Re: reviving old c# codebase engine, 0x88

Posted: Sat Mar 06, 2021 6:12 am
by spirch
and this is why you must always profile your app

full perft, proper, same as above, still depth 5
Image

now depth 6

Code: Select all

  A B C D E F G H
1 R N B Q K B N R  Kind of perft: Full Perft, doing all move/undo to the last depth
2 P P P P P P P P  Started 6 depths at 2021-03-06 00:11:17 finished at 2021-03-06 00:11:23
3 ■ ■ ■ ■ ■ ■ ■ ■  FEN: rnbqkbnr/pppppppp/8/8/8/8/PPPPPPPP/RNBQKBNR w KQkq -
4 ■ ■ ■ ■ ■ ■ ■ ■
5 ■ ■ ■ ■ ■ ■ ■ ■  Expected Moves   : 119,060,324
6 ■ ■ ■ ■ ■ ■ ■ ■  Total Moves Done : 119,060,324
7 p p p p p p p p  Time Taken       : 5,656ms
8 r n b q k b n r  Moves per second : 21,050,269
before my fix, it was about 3.5 millions instead of 21

Re: reviving old c# codebase engine, 0x88

Posted: Sat Mar 06, 2021 6:16 pm
by lithander
spirch wrote: Sat Mar 06, 2021 6:12 am before my fix, it was about 3.5 millions instead of 21
What did you fix?

Re: reviving old c# codebase engine, 0x88

Posted: Sun Mar 07, 2021 2:08 am
by spirch
lithander wrote: Sat Mar 06, 2021 6:16 pm
spirch wrote: Sat Mar 06, 2021 6:12 am before my fix, it was about 3.5 millions instead of 21
What did you fix?
if you look at first screenshot, you can see that there is about 81 million call to my pseudo move method but my perft didnt calculated these move

so it mean that after doing perft 5, my code ran the pseudo/legal move on depth 6 and ignoring the result which is bad/wrong

it should have been like my third screenshot, 3.3 millions call

the fix was finding where i had a missing "if" to stop looking up the move above the desired depth and implementing the proper "stop"

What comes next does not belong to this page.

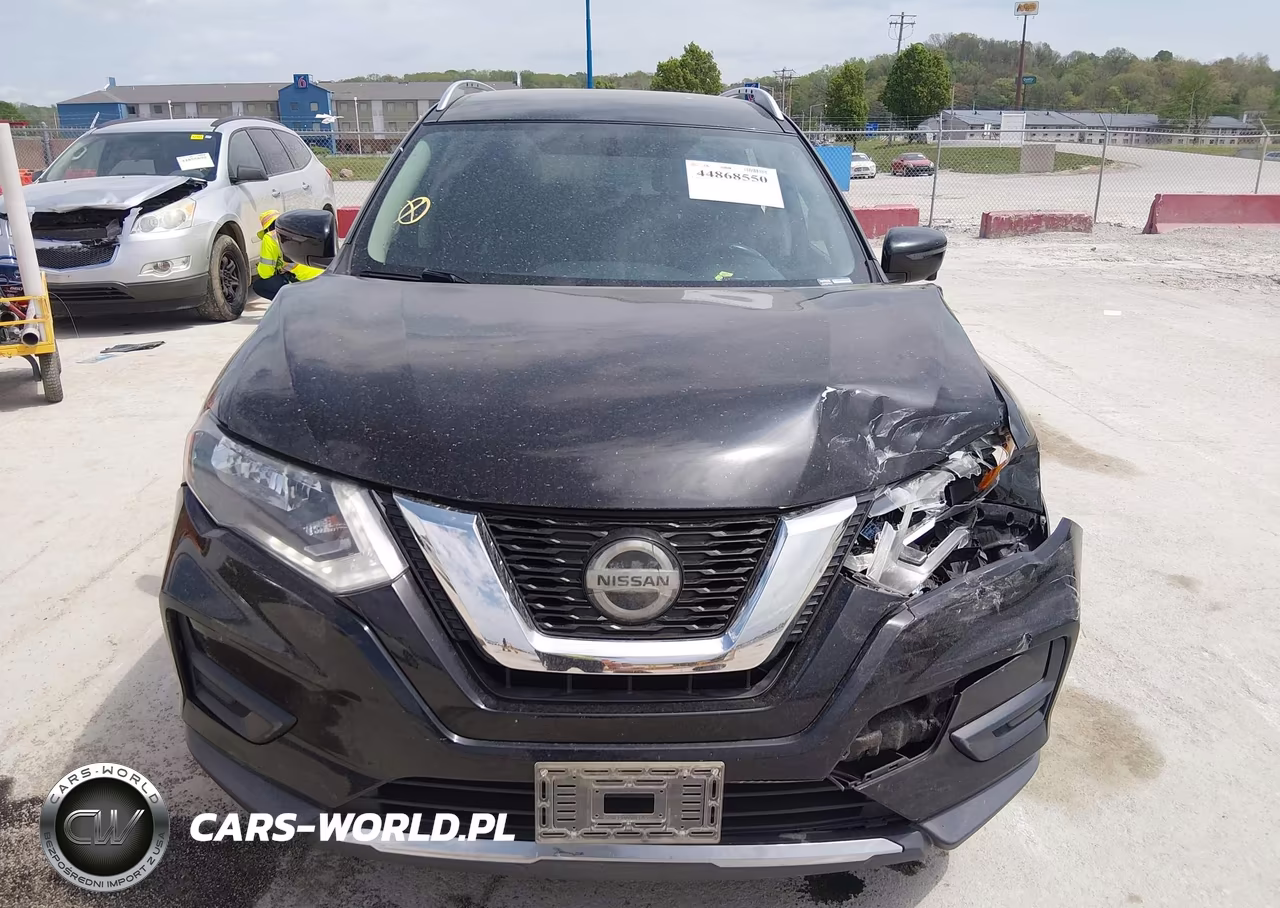 2018 Nissan Rogue Sv VIN:KNMAT2MT6JP576793 - 12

Re: reviving old c# codebase engine, 0x88

Posted: Sun Mar 07, 2021 2:26 am
by spirch
lithander wrote: Sat Mar 06, 2021 6:16 pm
spirch wrote: Sat Mar 06, 2021 6:12 am before my fix, it was about 3.5 millions instead of 21
What did you fix?
also, i saw your link in your signature, i don't know if you ever did a profiling run on your engine, here is one with peft 5 8-)

Image

i don't know anything about the code but first thing i would say, remove the recursive call to perft, there is a cost there but you can also look at some hotspot and see if there anything to do there to optimize it

Re: reviving old c# codebase engine, 0x88

Posted: Sun Mar 07, 2021 11:24 am
by mvanthoor
spirch wrote: Sun Mar 07, 2021 2:26 am i don't know anything about the code but first thing i would say, remove the recursive call to perft, there is a cost there but you can also look at some hotspot and see if there anything to do there to optimize it
How would you do perft non-recursively? You could create a move list, and then on move one, generate a new move list and stick it in front of the first one. That way you could go breadth-first instead of depth-first, but that would not be faster. You still have to go through all the moves.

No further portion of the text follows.